First, Seattle suffers from what Eric Eidlin calls dense sprawl. Like Los Angeles, much of our region is too dense for free flowing car traffic, but has a dearth of places dense enough to support transit, walking, biking, and proximate trips. Making the transition from dense sprawl to urban neighborhoods is what the Urban Village strategy is all about. The suburban retrofit is another way to talk about this transition.
Second, proximity and walkability are often just as good as transit service at traffic reduction. Urban villages do not just add density; they add the things that a neighborhood needs to be a neighborhood. Right now if you live in Magnolia and you want to try a new restaurant, go to the movies, or get your nails done, you have to get in your car and drive (or take a circuitous bus ride if it’s even an option) to some other neighborhood that has such things because there is no local urban village option that’s a short walk away. This is less true for commute trips (rush hour bus service to downtown is decent and Magnolia’s Urban Village probably wouldn’t have a lot of jobs for the foreseeable future), but, as mentioned earlier, commute trips aren’t Magnolia’s problem. An overemphasis on commute trips blinds us to the benefits of proximity and walkability. Research is growing that “walkable urbanism” is more important for reducing car trips than “transit-oriented development.”

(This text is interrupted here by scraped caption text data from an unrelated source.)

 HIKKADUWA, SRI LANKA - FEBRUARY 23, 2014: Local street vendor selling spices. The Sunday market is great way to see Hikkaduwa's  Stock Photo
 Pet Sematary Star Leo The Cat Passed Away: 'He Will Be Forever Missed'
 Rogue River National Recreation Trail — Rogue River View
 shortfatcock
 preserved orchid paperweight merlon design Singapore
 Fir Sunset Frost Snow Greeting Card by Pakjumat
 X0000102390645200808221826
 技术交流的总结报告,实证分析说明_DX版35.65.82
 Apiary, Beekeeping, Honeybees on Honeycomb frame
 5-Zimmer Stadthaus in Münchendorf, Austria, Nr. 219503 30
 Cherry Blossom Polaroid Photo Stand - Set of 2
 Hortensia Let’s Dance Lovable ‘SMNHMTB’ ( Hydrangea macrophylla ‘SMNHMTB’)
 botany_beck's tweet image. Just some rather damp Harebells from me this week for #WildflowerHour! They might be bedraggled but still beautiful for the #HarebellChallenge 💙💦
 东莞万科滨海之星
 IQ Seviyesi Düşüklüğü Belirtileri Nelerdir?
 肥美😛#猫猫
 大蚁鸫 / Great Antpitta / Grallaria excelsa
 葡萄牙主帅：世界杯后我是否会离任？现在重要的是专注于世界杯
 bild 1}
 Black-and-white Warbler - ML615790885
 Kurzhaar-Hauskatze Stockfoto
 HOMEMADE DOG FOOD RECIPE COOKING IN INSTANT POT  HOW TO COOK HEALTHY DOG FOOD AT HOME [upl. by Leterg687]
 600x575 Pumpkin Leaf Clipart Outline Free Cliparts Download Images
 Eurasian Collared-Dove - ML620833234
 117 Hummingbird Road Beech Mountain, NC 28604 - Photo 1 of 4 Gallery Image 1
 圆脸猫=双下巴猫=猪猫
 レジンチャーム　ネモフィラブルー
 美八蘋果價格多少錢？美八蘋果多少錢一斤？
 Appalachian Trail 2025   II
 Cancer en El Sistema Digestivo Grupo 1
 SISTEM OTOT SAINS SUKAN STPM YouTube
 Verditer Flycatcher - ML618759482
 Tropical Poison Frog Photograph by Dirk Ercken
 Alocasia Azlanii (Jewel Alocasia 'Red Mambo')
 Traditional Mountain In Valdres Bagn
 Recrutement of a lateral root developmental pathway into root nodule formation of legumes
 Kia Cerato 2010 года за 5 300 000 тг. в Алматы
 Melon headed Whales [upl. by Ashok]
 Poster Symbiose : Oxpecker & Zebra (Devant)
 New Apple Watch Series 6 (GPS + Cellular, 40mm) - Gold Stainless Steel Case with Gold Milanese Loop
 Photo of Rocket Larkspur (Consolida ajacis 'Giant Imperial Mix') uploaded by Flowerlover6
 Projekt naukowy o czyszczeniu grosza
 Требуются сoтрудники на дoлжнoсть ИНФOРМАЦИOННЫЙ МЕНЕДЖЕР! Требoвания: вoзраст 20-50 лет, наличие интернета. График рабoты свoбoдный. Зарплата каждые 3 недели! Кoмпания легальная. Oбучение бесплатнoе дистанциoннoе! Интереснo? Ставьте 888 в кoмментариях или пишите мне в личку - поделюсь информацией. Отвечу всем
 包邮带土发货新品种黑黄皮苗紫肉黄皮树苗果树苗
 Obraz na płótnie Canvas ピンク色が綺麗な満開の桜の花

Third, this is a gradual process. Imagine in a couple of years that NE 35th Ave gets a few new apartment buildings with ground floor retail. Is the traffic bad yet? It gets a few more and a small office building to boot. How about now? Is the traffic really bad now? Part of the whole goal of spreading development to more parts of the city is that every neighborhood gets a more gradual growth experience with more opportunity for adjustments and accommodations. There should be time to see traffic problems as they develop and address them before they become problematic. These neighborhoods do have some transit service already and that service can get gradually better as the neighborhood grows.
For people that want a transit-oriented city there is a political factor to keep in mind as well.
Providing the transit first assumes that the density will come afterwards. However, many our transit station areas have sat without development for years, partly because of the recession, but mostly because zoning restrictions were not lifted. When you let the density happen first, you know it will be there to support the transit service that is eventually added.
While more transit doesn’t make changing zoning politically easier, more density does make adding transit service and transit (and walking and biking) priority easier. If SDOT had told people 10 years ago that it was going to make two lanes on Westlake Avenue transit-only because that was the only way to accommodate all the growth that was planned for South Lake Union, most people would have been confused if not furious at the inconvenience. Won’t taking away lanes make traffic worse? Now that the growth has arrived, the lane decision seems obvious and overdue with even the Seattle Times acknowledging that turning car lanes over to transit is “by far the most cost-effective way to move more people through a congested city.”
For people that want an equitable and inclusive city, it’s also important to keep the traffic problem in perspective. Is the risk of a few years of bad traffic in a few wealthy neighborhoods really an excuse for focusing development in ways that exacerbate our affordability crisis and displace poor people and people of color from our city?